Princess Zorka of Montenegro (Serbian Cyrillic: Кнегиња црногорска Зорка; 23 December [O.S. 11 December] 1864 – 16 March [O.S. 4 March] 1890) was the eldest child of the Montenegrin monarch Nicholas I and his wife Milena. Her name and title at birth was Ljubica Petrović-Njegoš, Princess of Montenegro.

In 1883, she married prince Peter Karađorđević and she changed her name to Zorka (and her surname to Karađorđević). She died in childbirth while giving birth to Prince Andrija on 16 March 1890. Prince Andrija died shortly thereafter.

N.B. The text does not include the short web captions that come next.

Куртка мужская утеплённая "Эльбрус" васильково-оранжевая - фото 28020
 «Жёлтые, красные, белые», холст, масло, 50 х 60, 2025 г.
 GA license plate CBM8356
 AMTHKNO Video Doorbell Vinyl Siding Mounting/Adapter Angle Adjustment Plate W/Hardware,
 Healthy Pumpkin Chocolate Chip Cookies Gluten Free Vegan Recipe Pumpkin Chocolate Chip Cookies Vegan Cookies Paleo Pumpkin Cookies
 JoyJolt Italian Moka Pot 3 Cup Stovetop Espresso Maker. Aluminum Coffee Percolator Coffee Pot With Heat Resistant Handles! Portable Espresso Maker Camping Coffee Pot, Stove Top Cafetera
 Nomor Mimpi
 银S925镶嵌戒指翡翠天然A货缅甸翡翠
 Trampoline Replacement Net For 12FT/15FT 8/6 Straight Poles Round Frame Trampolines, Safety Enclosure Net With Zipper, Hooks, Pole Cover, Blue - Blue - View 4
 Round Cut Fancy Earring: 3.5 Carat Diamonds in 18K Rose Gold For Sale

Her husband Prince Peter went on to become King of Serbia in 1903, thirteen years after her death.

Life
Born in Cetinje, Montenegro at the time when her father was already the reigning Prince of Montenegro (his uncle Danilo II Petrović-Njegoš having died in 1860). She had eight younger sisters and three younger brothers. Zorka was educated in Russia before returning to Montenegro to be engaged to Petar Karađorđević. She spent her childhood up to the age of 11 in Cetinje, where she was educated by Cetinje teachers and a Swiss teacher Mrs. Nykom. In 1875, Princess Zorka was sent to Russia to continue her education at the Smolny Institute (attended by the girls from the most prominent Russian aristocratic families). After graduation, she returned to Cetinje. At the beginning of 1883, Prince Petar Karadjordjevic came to Cetinje. His intention was to marry in Cetinje, get closer to the Montenegrins and move there to live with his family. He asked for the hand of the young and beautiful Princess. The arrival of Petar Karadjordjevic in Cetinje and his engagement with Kneginja Zorka Petrovic-Njegos were disapproved by the opponents of these two dynasties, but the act was gladly accepted by the Serbian and Montenegrin people, who saw it as the confirmation of their future bond. The wedding of Princess Zorka (19 at the time) and Petar Karadjordjevic (39) took place at the Cetinje Monastery on 30 July 1883. The wedding party, like the engagement before it, was organized according to folk tradition, with many guests who could barely accommodate themselves in the small space of Cetinje.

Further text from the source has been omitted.